George Thiel, a former Pinkerton employee, established the Thiel Detective Service Company in St. Louis, Missouri, a competitor to the Pinkerton agency. Thiel's agency operated in the U.S., Canada, and Mexico.

Modern era
Due to its conflicts with labor unions, the word Pinkerton continues to be associated by labor organizers and union members with strikebreaking. Pinkertons diversified from labor spying following revelations publicized by the La Follette Committee hearings in 1937, and the firm's criminal detection work also suffered from the police modernization movement, which saw the rise of the Federal Bureau of Investigation and the bolstering of detective branches and resources of the public police.
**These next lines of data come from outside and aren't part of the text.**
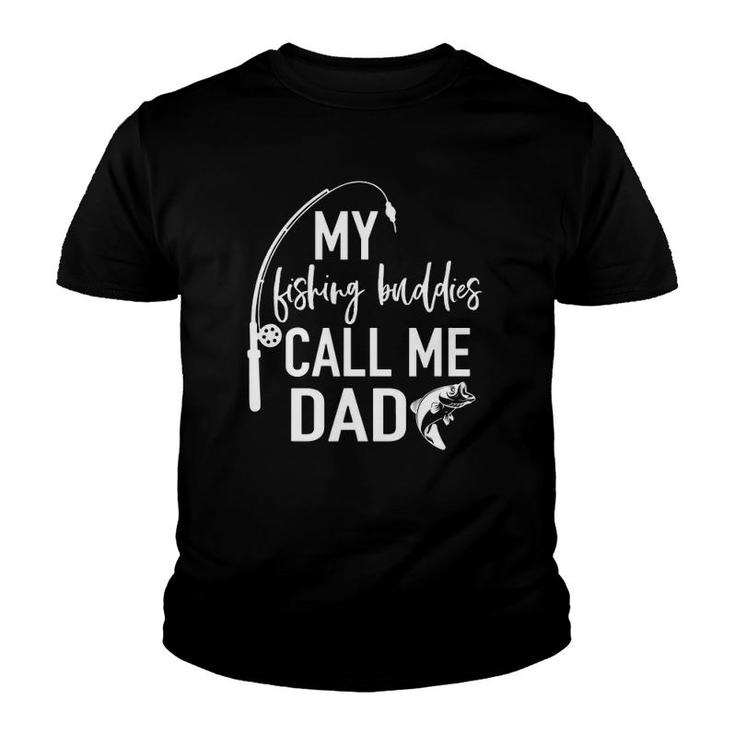 My Fishing Buddies Call Me Dad  Father's Day Youth T-shirt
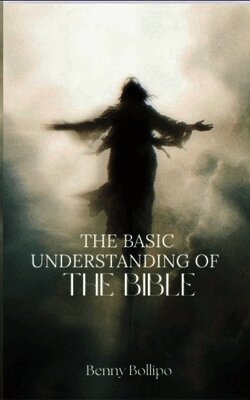 Benny Bollipo - Basic Understanding Of The Bible, Häftad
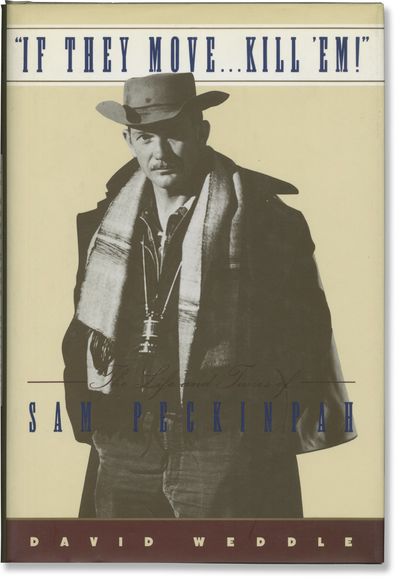 If They Move... Kill 'Em!: The Life and Times of Sam Peckinpah (First Edition)
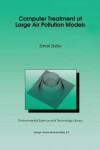 Book cover for Computer Treatment of Large Air Pollution Models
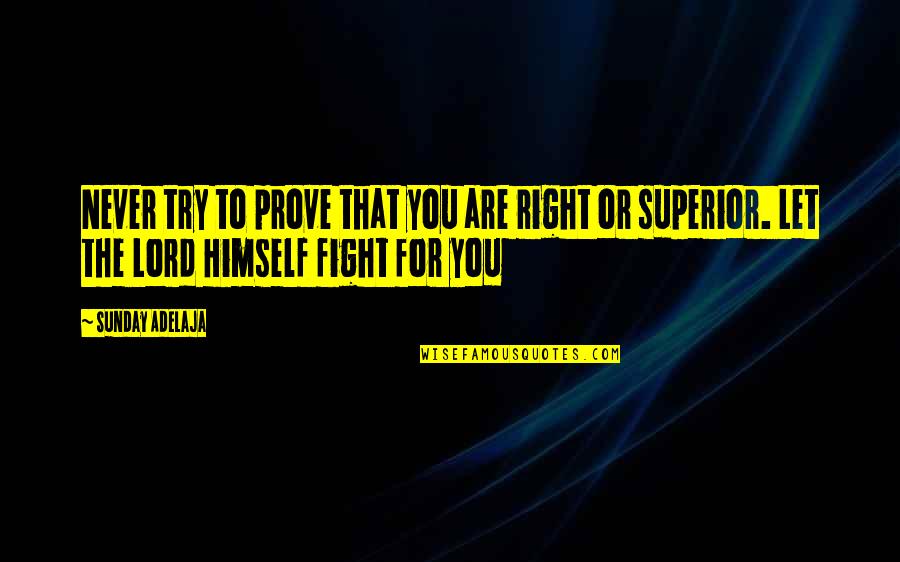 Fight For Right Quotes By Sunday Adelaja: Never try to prove that you are right Fight For Right Quotes By Sunday Adelaja: Never try to prove that you are right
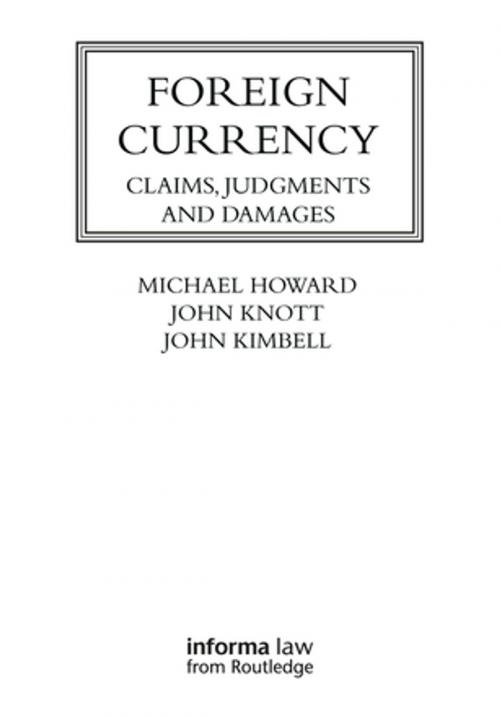 Cover of the book Foreign Currency by Michael Howard, John Knott, John Kimbell, Taylor and Francis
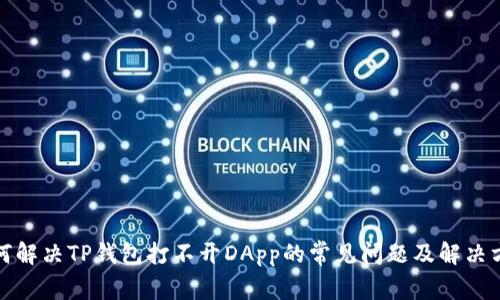 如何解决TP钱包打不开DApp的常见问题及解决方案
With less of the labor and criminal investigation work on which Pinkertons thrived for decades, the company became increasingly involved in protection services, and in the 1960s, even the word "detective" disappeared from the agency's letterhead. The company now focuses on threat intelligence, risk management, executive protection, and active shooter response.

In 1999, the company was bought by Securitas AB, a Swedish security company, for $384 million, followed by the acquisition of the William J. Burns Detective Agency (founded in 1910), longtime Pinkerton rival, to create (as a division of the parent) Securitas Security Services USA. Today, the company's headquarters are located in Ann Arbor, Michigan.

In 2020 they were hired by Amazon to spy on warehouse workers for signs of union activity. It was revealed in 2022 that Starbucks had hired a former Pinkerton employee as part of their union busting efforts.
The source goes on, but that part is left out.